Rechargeable alkaline nickel-metal hydride batteries (Ni-MH) have gained wide attention due to their low cost, safety, and excellent stability. However, with the optimized electrochemical route of producing (Ni(OH)₂) cathode material, it has a great future in the battery industry. This perspective discussed the synthesis routes of producing nickel hydroxide chemically and electrochemically. Different precipitations were developed to produce nickel hydroxide chemically. A mixed phase α-Ni(OH)₂ and β-Ni(OH)₂ is being produced in the chemical method. The electrode reactions taking place during electrolytic production of Ni(OH)₂ from nickel nitrate have been established.
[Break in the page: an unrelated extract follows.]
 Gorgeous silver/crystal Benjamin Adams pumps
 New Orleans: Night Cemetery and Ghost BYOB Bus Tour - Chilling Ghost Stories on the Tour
Among the three process variables such as the applied current density (rate of OH⁻ supply), initial (Ni⁺⁺), and the initial pH, the influence of the first one on the characteristics of Ni(OH)₂ is the most eminent followed by initial (Ni⁺⁺). Effect of the initial pH is not significant; current density has been successfully employed as rate of OH⁻ generation in the bath through which OH⁻ to Ni⁺⁺ ratio. A ratio of greater than 6 with reasonable (Ni⁺⁺) produces good crystalline β-Ni(OH)₂. A value of less than 1, produces α-Ni(OH)₂. It has been demonstrated that the electrolytic preparation method holds great promise through its precise control of chemical and electrochemical parameters. It is up to the end users to choose the type of nickel hydroxide they opt for based on that the electrochemistry can be tweaked. The proposed electrolytic production method used is scalable and costs less, and the process is quicker than other counterparts of controlled morphology and other parameters.